:: TASK ::
In the records that follow, find the line containing "Трусы бежевый +мечи на коричневом" and the line containing "feel any emotion", then transcribe both and every line between them exactly, omitting pictures.

:: Pictures with short captions ::
= Beginning of Section =

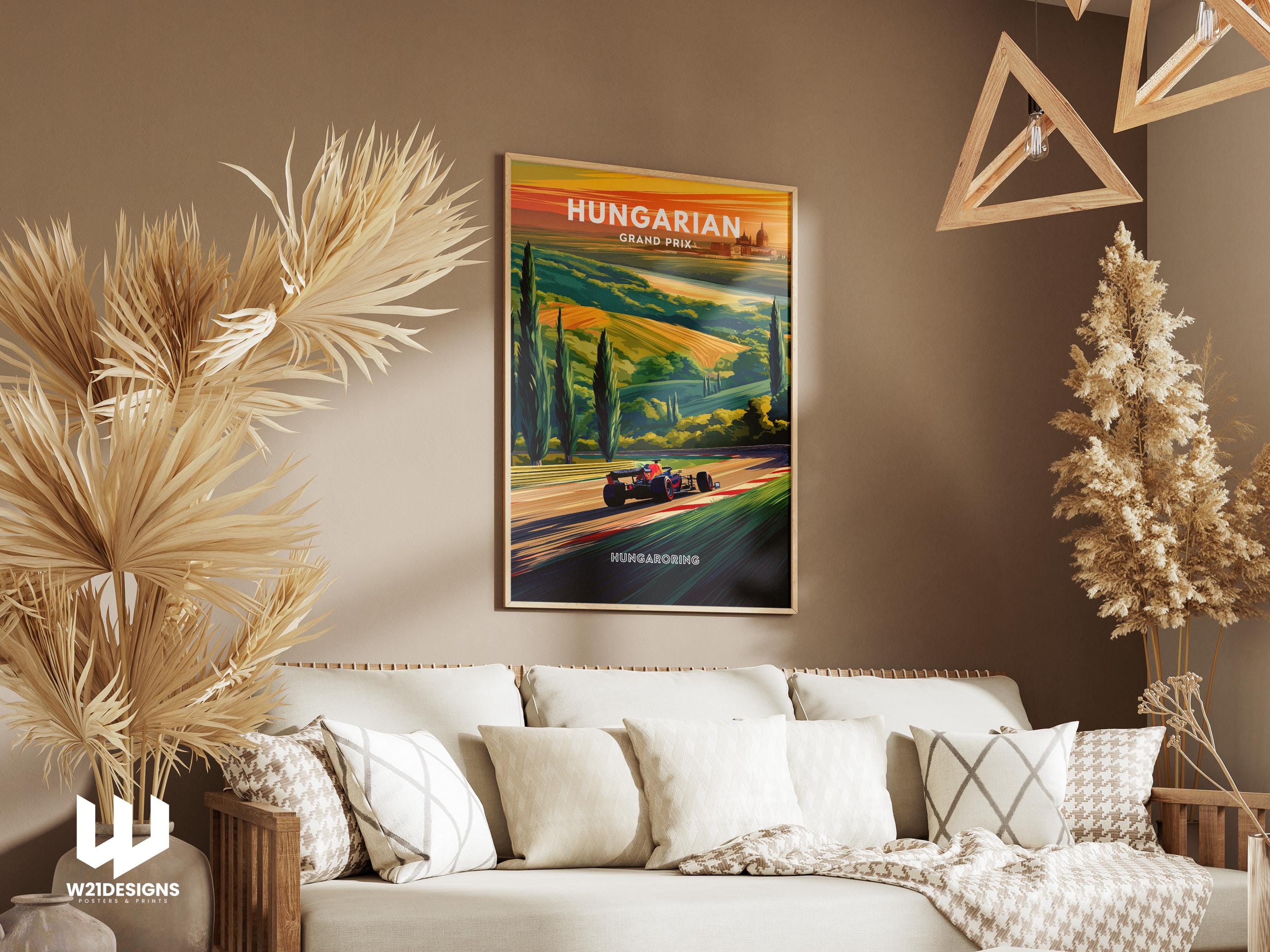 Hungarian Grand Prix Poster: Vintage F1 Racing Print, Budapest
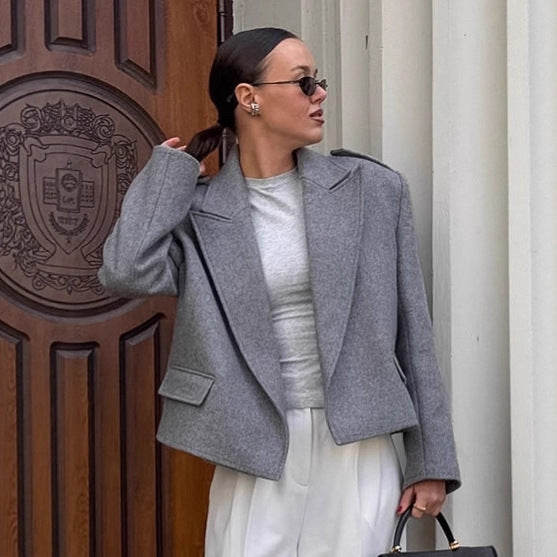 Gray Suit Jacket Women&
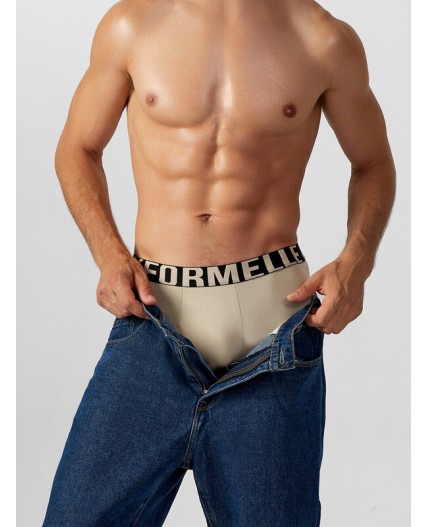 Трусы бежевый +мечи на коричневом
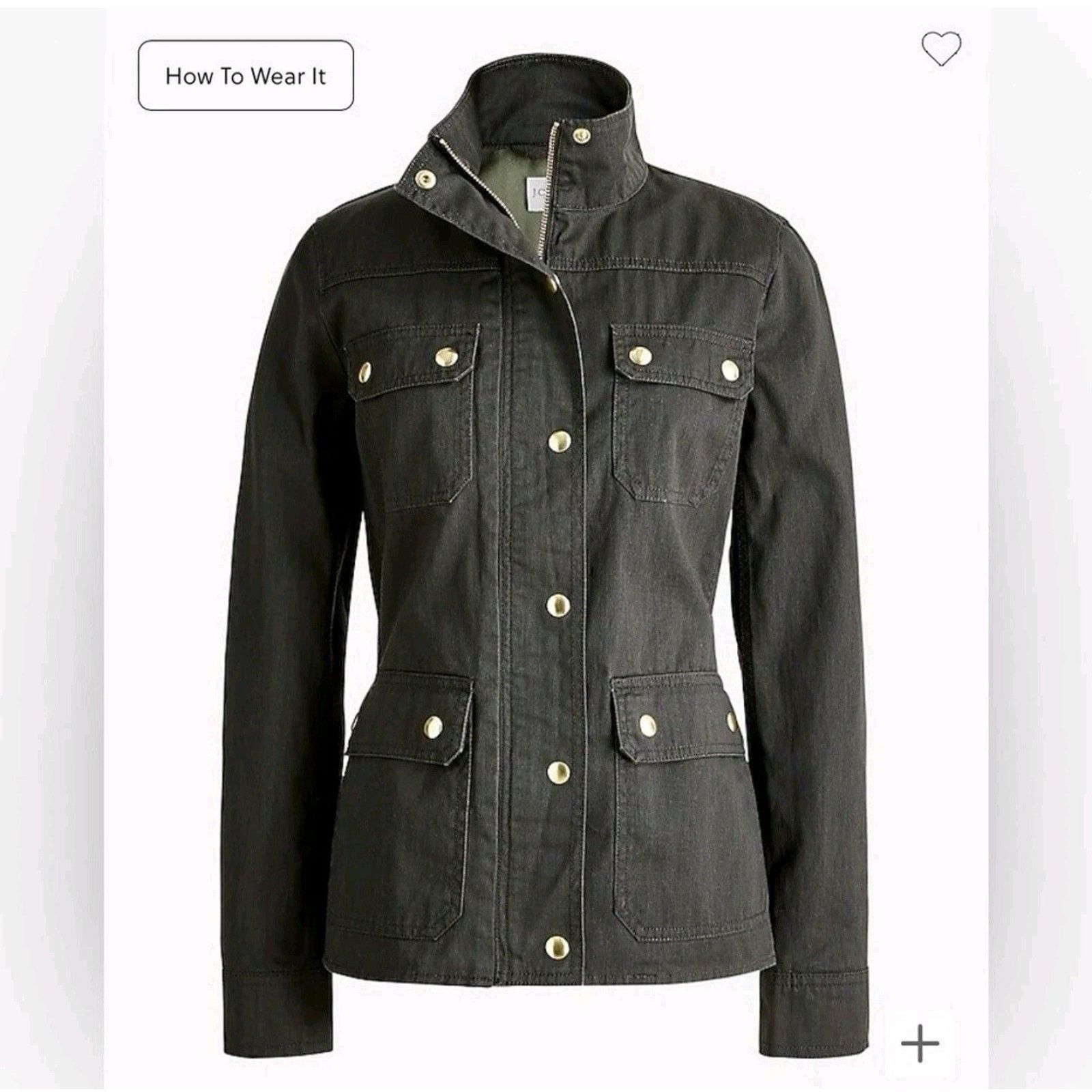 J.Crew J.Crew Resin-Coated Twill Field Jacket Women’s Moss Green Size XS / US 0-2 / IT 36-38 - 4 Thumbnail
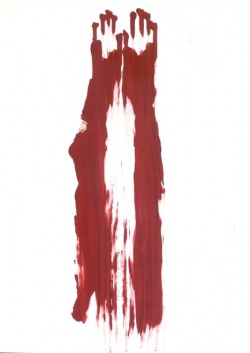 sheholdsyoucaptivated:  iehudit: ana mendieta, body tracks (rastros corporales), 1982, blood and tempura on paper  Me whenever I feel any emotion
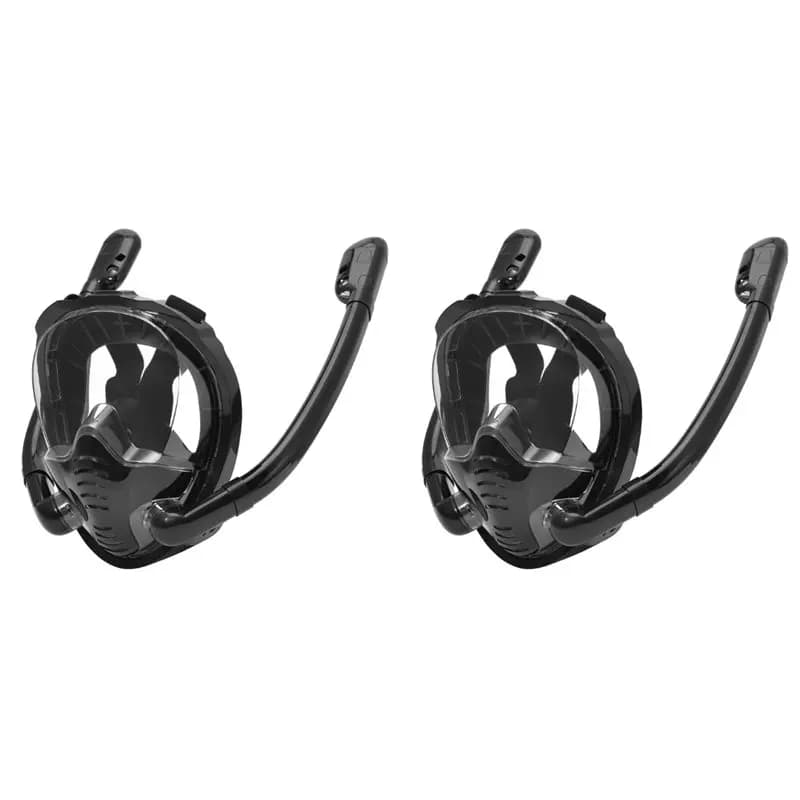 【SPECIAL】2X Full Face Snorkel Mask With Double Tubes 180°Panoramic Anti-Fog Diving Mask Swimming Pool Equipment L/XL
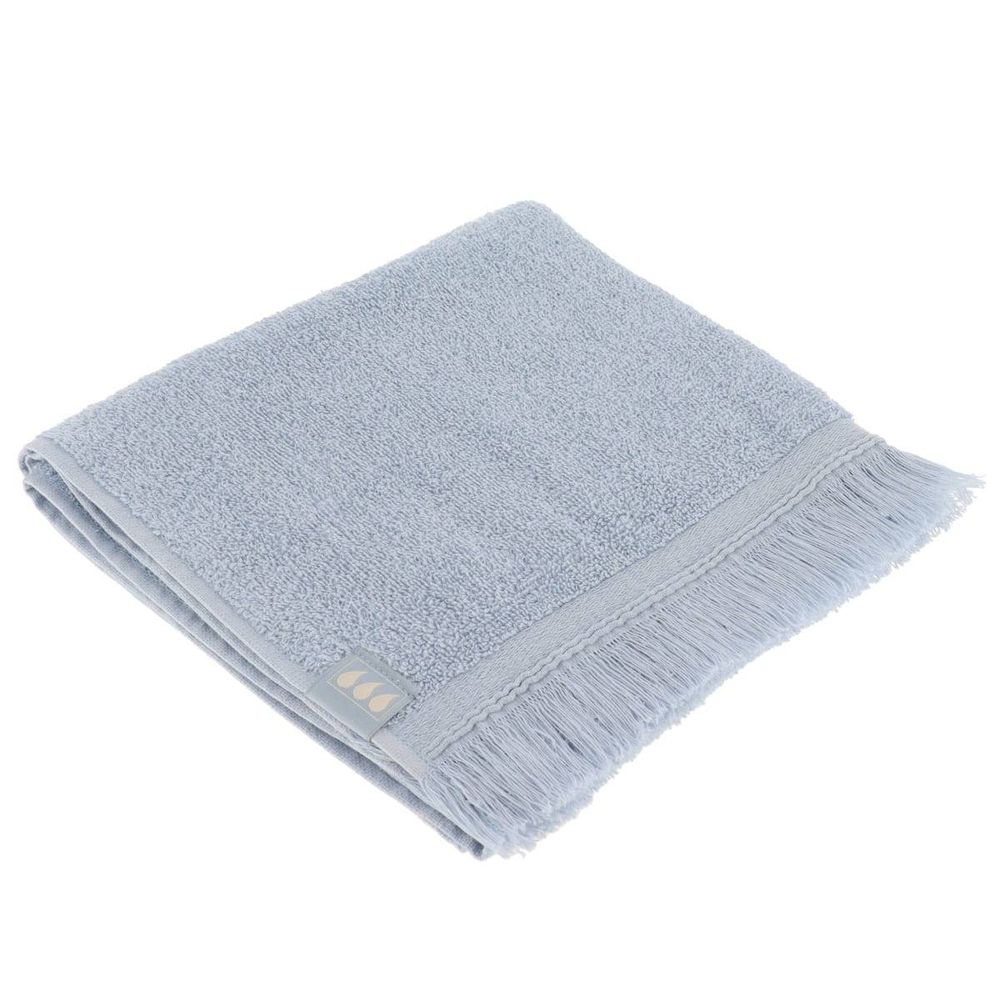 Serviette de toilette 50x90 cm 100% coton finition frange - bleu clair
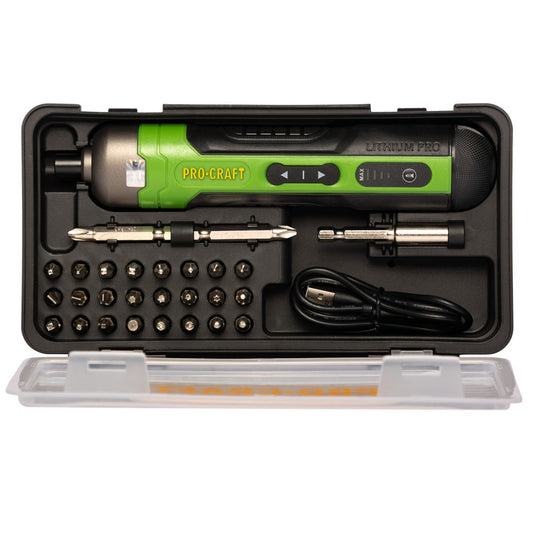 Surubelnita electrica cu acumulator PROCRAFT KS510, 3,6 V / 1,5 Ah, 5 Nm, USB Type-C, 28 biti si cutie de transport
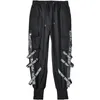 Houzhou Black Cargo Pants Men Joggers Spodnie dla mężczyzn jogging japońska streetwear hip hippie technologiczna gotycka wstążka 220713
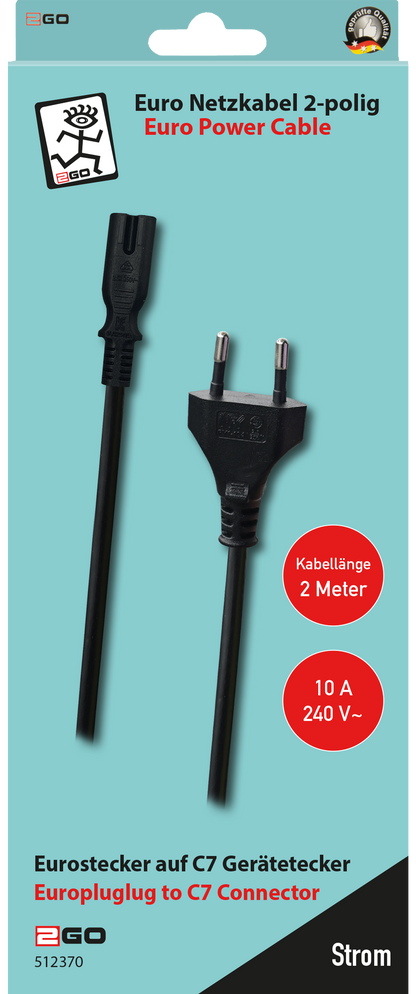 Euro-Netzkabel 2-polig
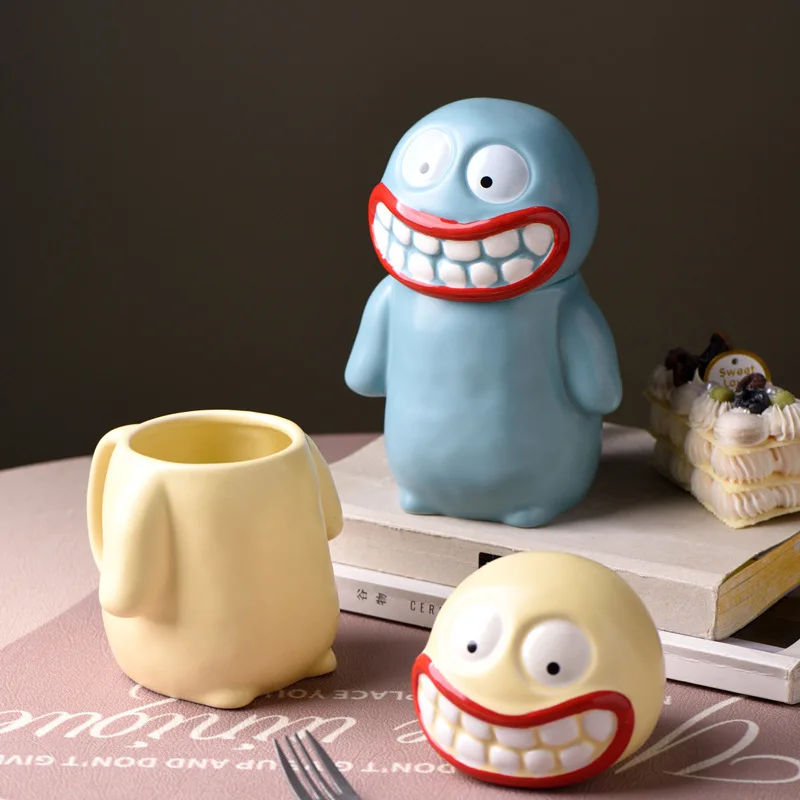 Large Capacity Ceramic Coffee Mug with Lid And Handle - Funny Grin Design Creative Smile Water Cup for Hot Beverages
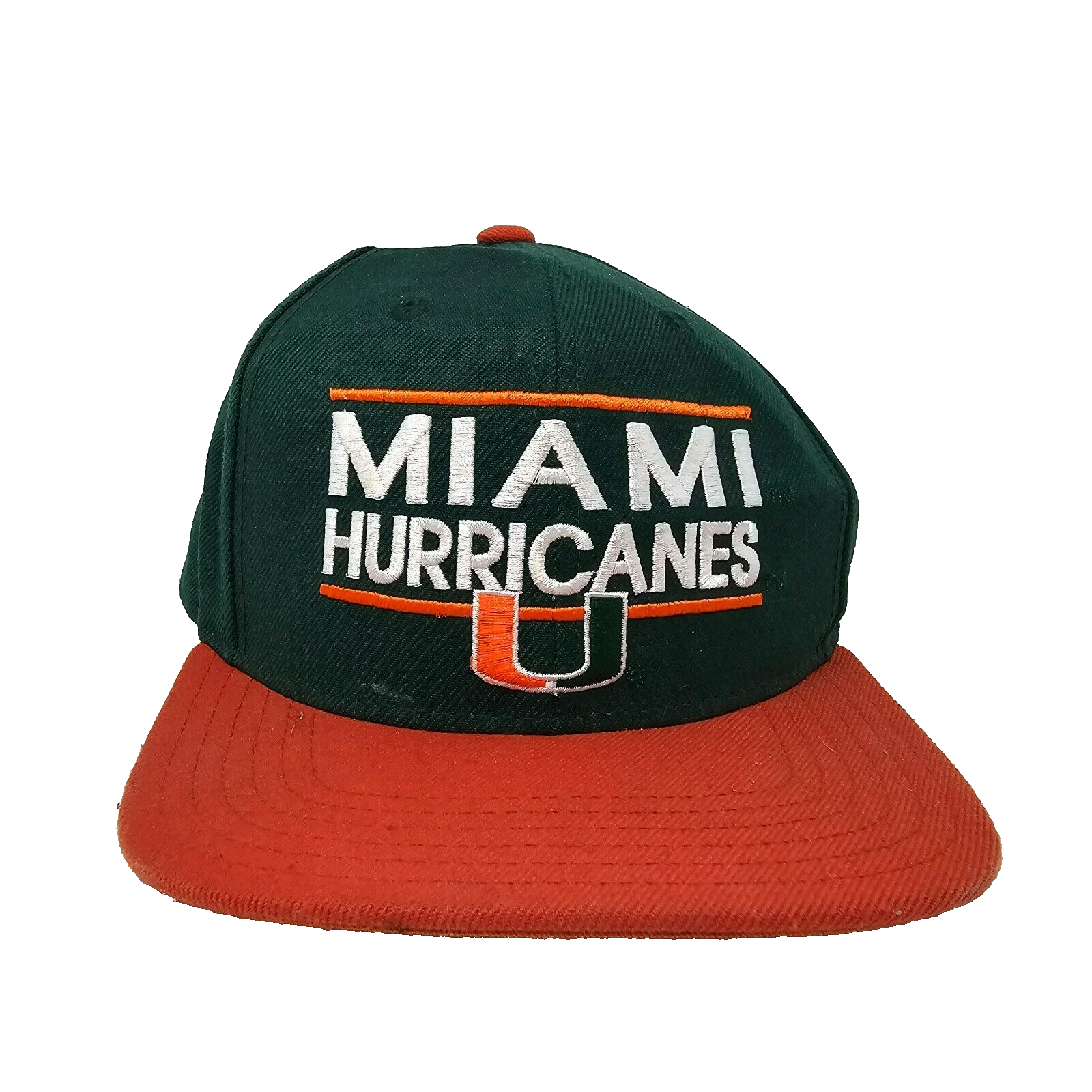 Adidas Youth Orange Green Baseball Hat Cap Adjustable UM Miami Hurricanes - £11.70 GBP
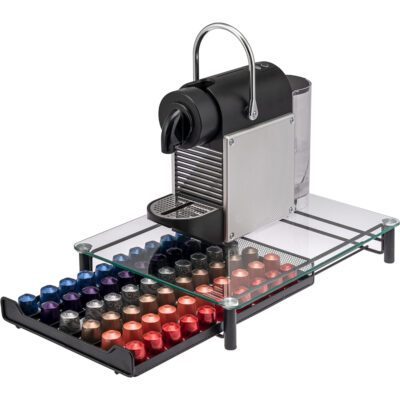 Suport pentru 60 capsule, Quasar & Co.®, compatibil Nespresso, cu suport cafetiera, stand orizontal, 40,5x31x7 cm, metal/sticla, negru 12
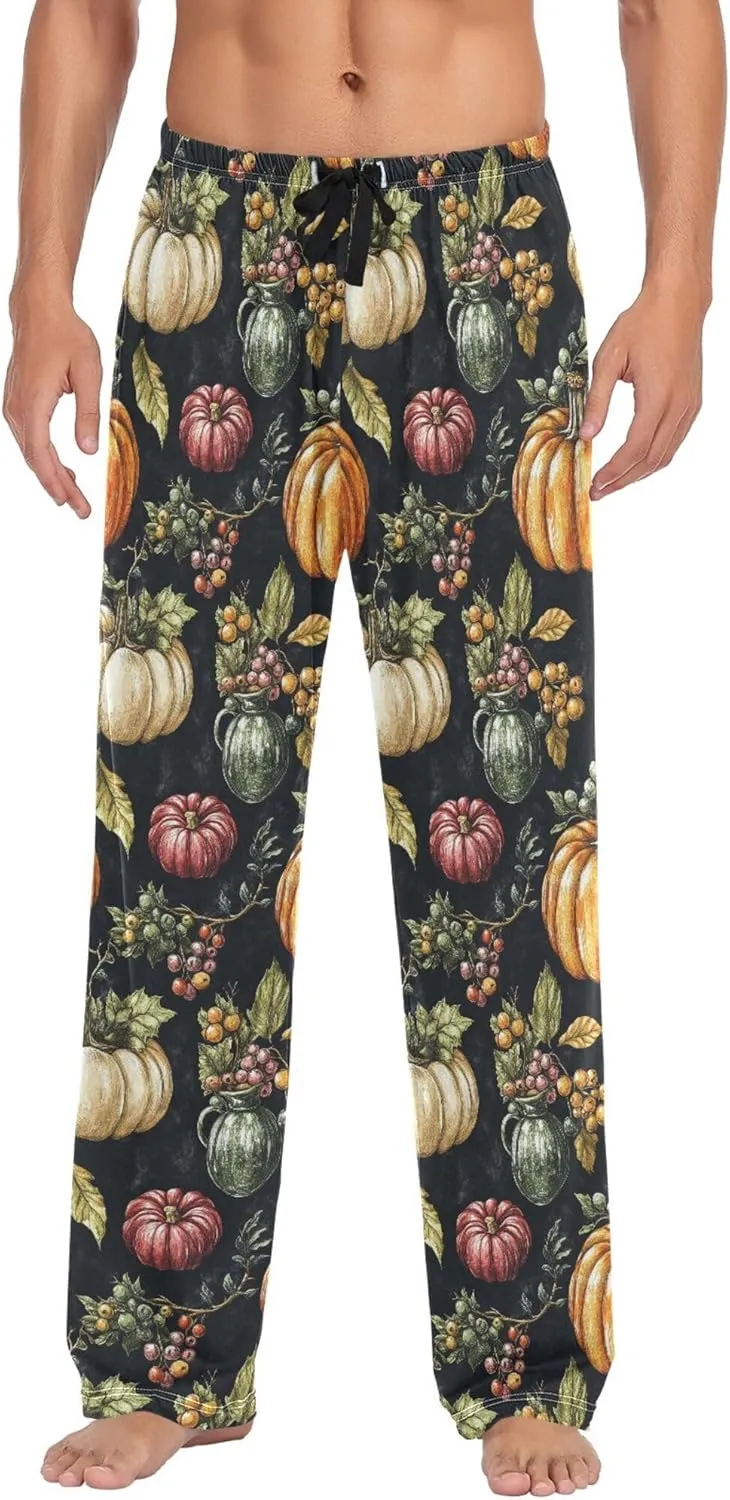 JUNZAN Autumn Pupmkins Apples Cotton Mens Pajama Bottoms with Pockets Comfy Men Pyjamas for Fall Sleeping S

= End of Section =

:: EXERCISE ANSWER ::
 Трусы бежевый +мечи на коричневом
 J.Crew J.Crew Resin-Coated Twill Field Jacket Women’s Moss Green Size XS / US 0-2 / IT 36-38 - 4 Thumbnail
 sheholdsyoucaptivated:  iehudit: ana mendieta, body tracks (rastros corporales), 1982, blood and tempura on paper  Me whenever I feel any emotion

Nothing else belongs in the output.